YOUNGSTOWN SCHOOLS Leaders report on improvement effort



The district has improved in 10 of 16 targeted academic areas, and lost ground in six.
By RON COLE
VINDICATOR EDUCATION WRITER
YOUNGSTOWN -- Two years after the city schools developed a plan to boost student achievement, progress is mixed, but school and community leaders remain upbeat that improvement will come.
"I am slightly optimistic," said Joe Mansky, business manager of Plumbers & amp; Pipefitters Local 396 and a member of the city schools' Urban Congress. "It's still early in the game."
"The structure is in place," said Edna Pincham, former city schools board member and also an Urban Congress member. "All that we really need now is for parents, administrators, community, all of us to become involved in the system."
Improvement plan progress
Mansky and Pincham were among several community members, students and educators who spoke Thursday night when the Urban Congress reported on the progress of the district's continuous improvement plan.
State Superintendent Susan Zelman was expected to attend a repeat of the presentation this morning at Choffin Career and Technical Center.
The school board approved the 277-page improvement plan two years ago as a blueprint to move the 10,200-pupil system out of academic emergency by 2006.
The Urban Congress, a group of about 100 business, labor, religious and educational leaders led by Julie Michael, Gov. Bob Taft's local representative, was formed to oversee implementation.
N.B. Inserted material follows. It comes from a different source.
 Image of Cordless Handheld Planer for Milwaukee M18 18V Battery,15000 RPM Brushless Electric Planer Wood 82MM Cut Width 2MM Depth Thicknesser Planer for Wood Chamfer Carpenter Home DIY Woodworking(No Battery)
The plan pinpointed 16 specific academic areas for improvement. In two years, the district has shown increases in 10 of the 16, and lost ground in six, according to Ohio Department of Education records.
Pincham and Mansky said they see small yet steady progress and believe the district remains on pace to get out of academic emergency on target.
"I'm impressed with the development that has taken place," Mansky said before Thursday's meeting.
"I've always been one that was kind of skeptical of the school system in general ... but I have been duly impressed with what I have seen down there, and hopefully it's going to translate into something positive."
Mansky leads a committee charged with bringing the district's graduation rate up to the state minimum standard of 90 percent. In the last two years, the rate has dropped from 68.2 percent to 53.8 percent.
Many programs have been identified and implemented to boost the rate, he said. "But it's probably going to take another couple of years before they will show any effect," he said.
Test scores
Pincham leads a committee charged with improving the district's proficiency test scores. The school district met five of 27 minimum performance standards on the 2002 state report card, up from four standards the previous two years. Only two school districts in Ohio met fewer standards.
While the district met only five standards, Pincham noted the test scores improved in 17 areas.
She said improvement will continue to come in small increments, and she said it's vital that more parents and community members get behind the effort.
"We can plan and sit down and talk about what we need to do, but until we get people actually doing things, it will not work," Pincham said before Thursday's meeting.